_Work instructions_
Go to the line with "Iszy Billiards Pool" in the records below, then output it and each following line exactly, up to and including the line with "Staffordshire Figurine Lion". Skip pictures and add nothing.

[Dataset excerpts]
+-------+

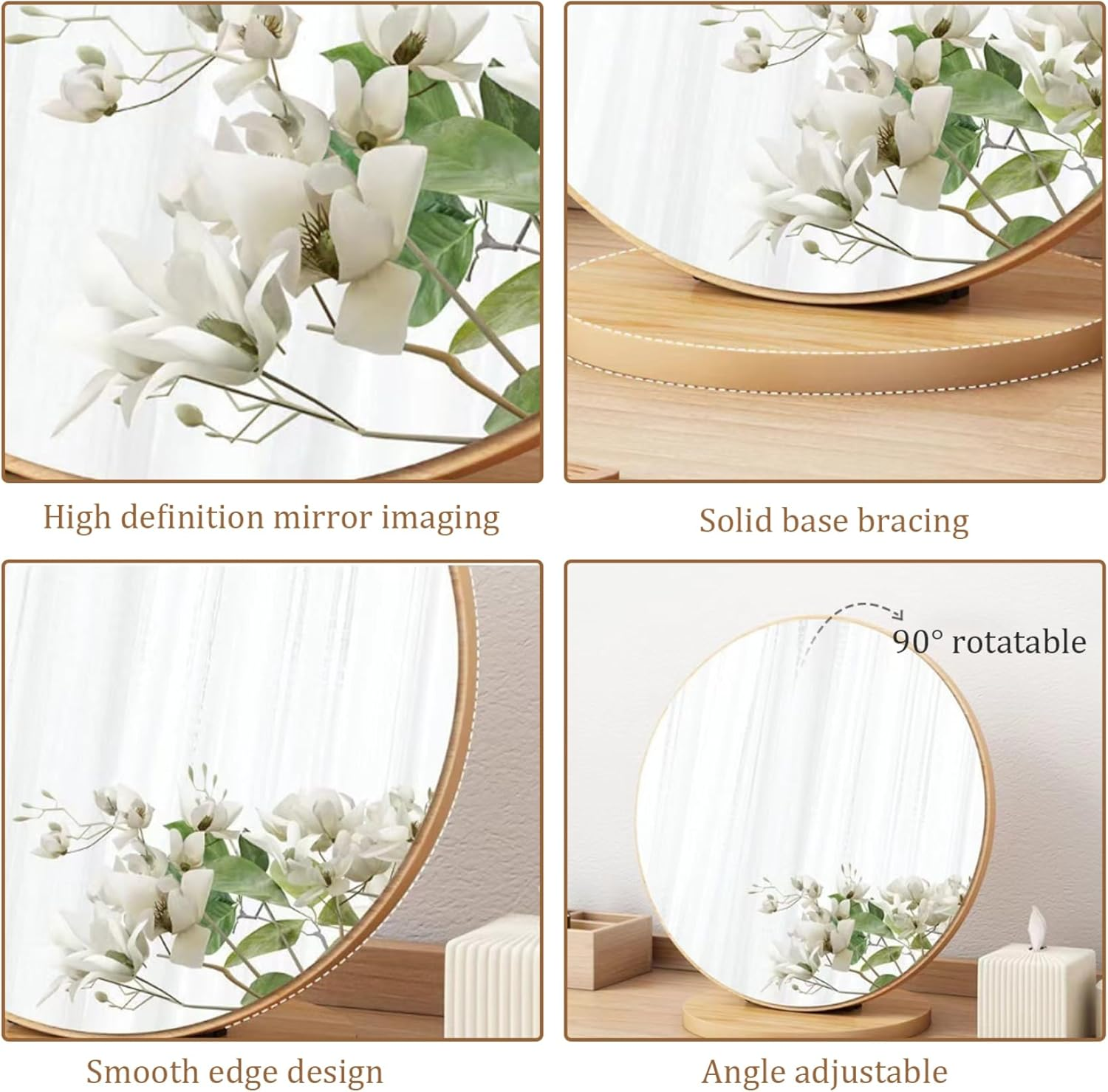 Round Makeup Mirror with Wooden Base 11.8" Makeup Mirror 90&deg; Rotating Tabletop Mirror for Home Dorm & Bedroom Dressing Table image number 5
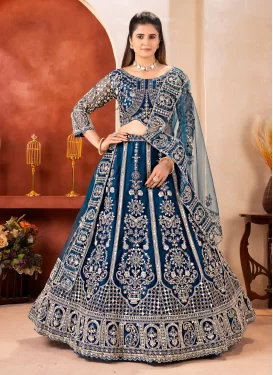 Embroidered Work Trendy Lehenga Choli For Festival in Teal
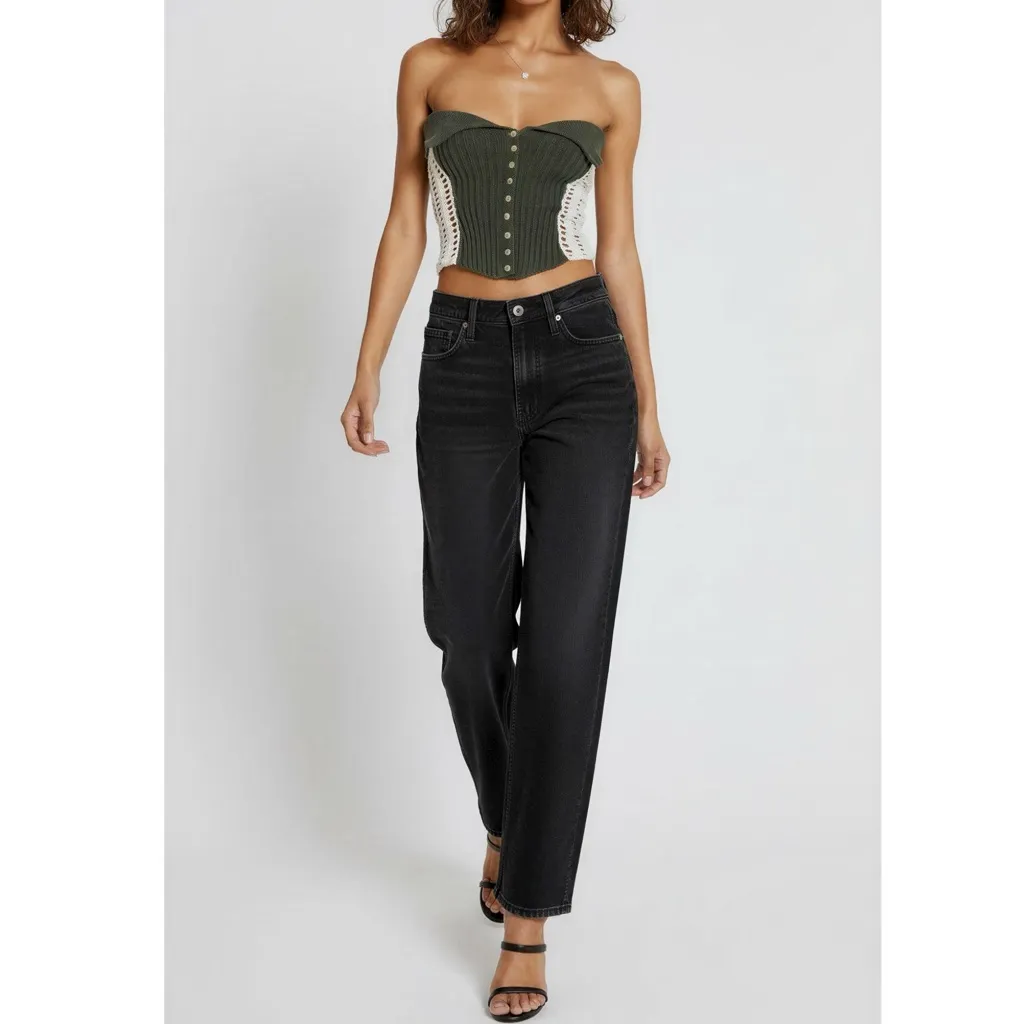 JADED LONDON Akio Knitted Corset Top, Olive, XS - Image 4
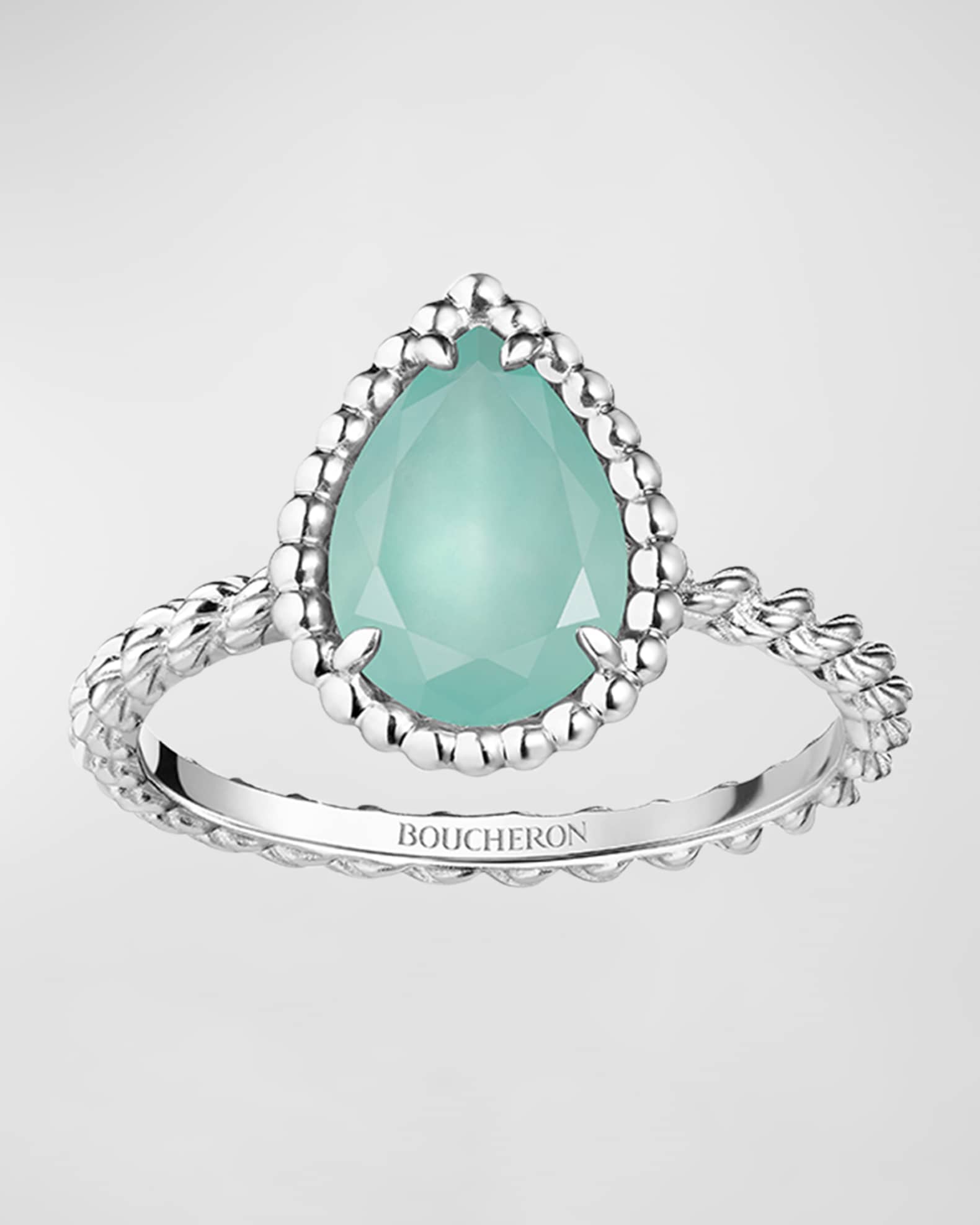 Serpent Bohème 18K White Gold Aquaprase Ring 0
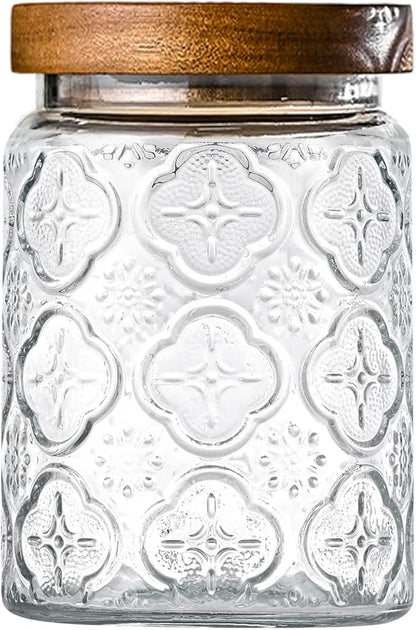 Adodeen 24oz Vintage Glass Jar With Lid, Glass Storage Containers, Airtight Kitchen Storage Containers For Sugar, Coffee, Tea, Spice, Flour, Candy Cookie, Pasta, Cereal, Cute Decorative Jars by Unknown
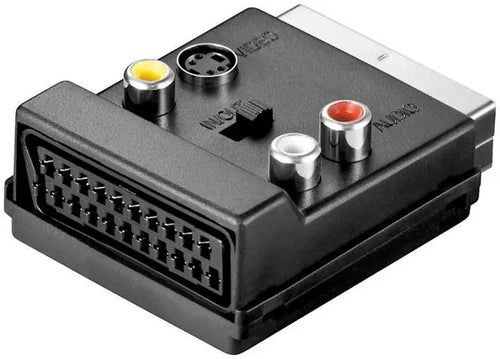 Adaptor Scart tata-mama la 3x RCA si SVHS cu comutator Goobay
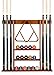 Iszy Billiards Pool Cue Rack - Billiard Stick Holder Only - 100% Wood Wall Mount Holds 6 Cues and a Full Set of Balls - Pool Accessories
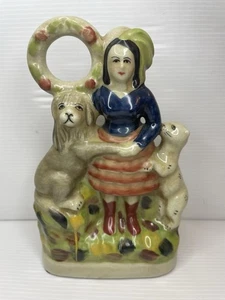 Staffordshire Figurine Lion Queen Ellen Chapman Lion Tamer Wombwell Circus - Picture 1 of 8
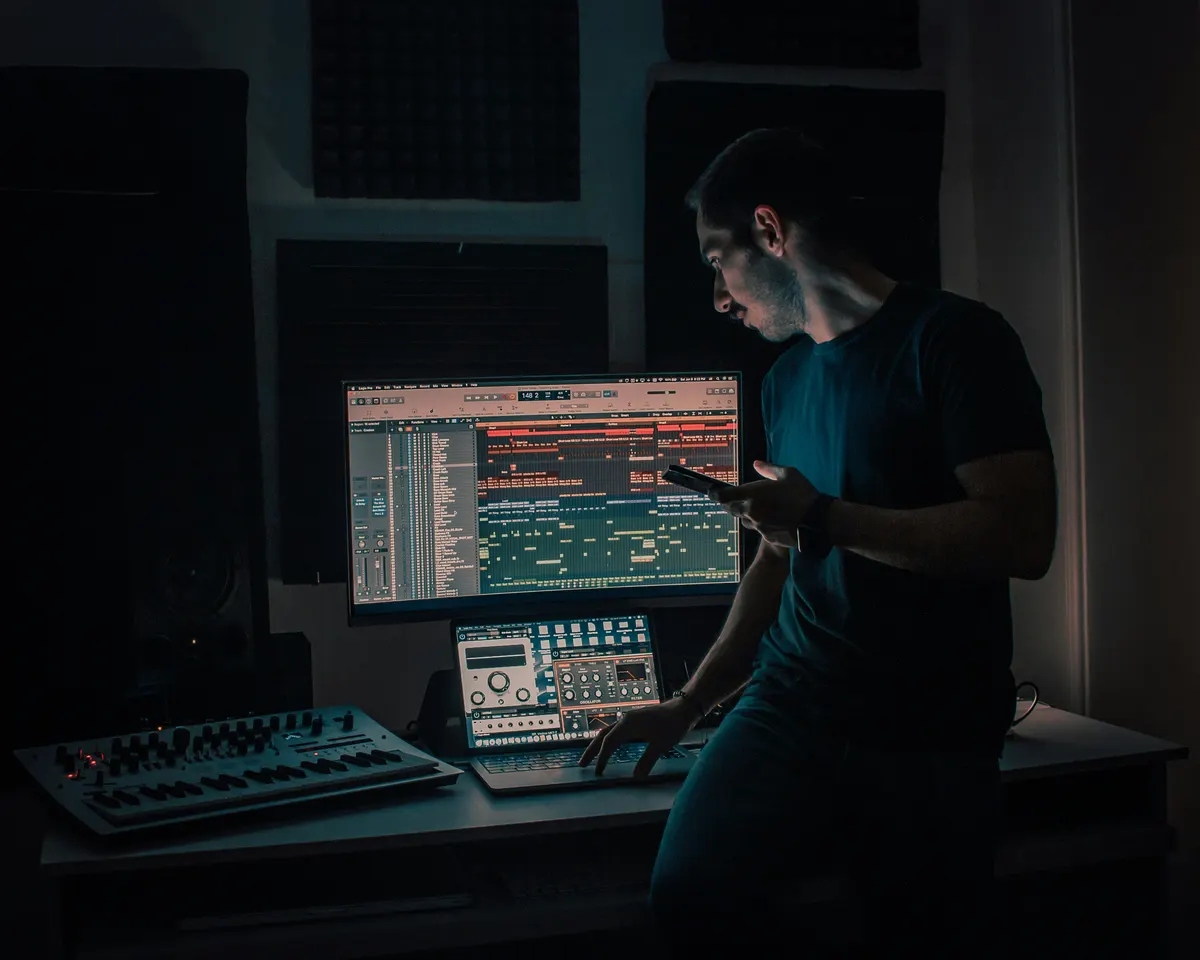Audio engineer working at a mixing console during a professional recording session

+-------+

_Response to the exercise_
 Iszy Billiards Pool Cue Rack - Billiard Stick Holder Only - 100% Wood Wall Mount Holds 6 Cues and a Full Set of Balls - Pool Accessories
 Staffordshire Figurine Lion Queen Ellen Chapman Lion Tamer Wombwell Circus - Picture 1 of 8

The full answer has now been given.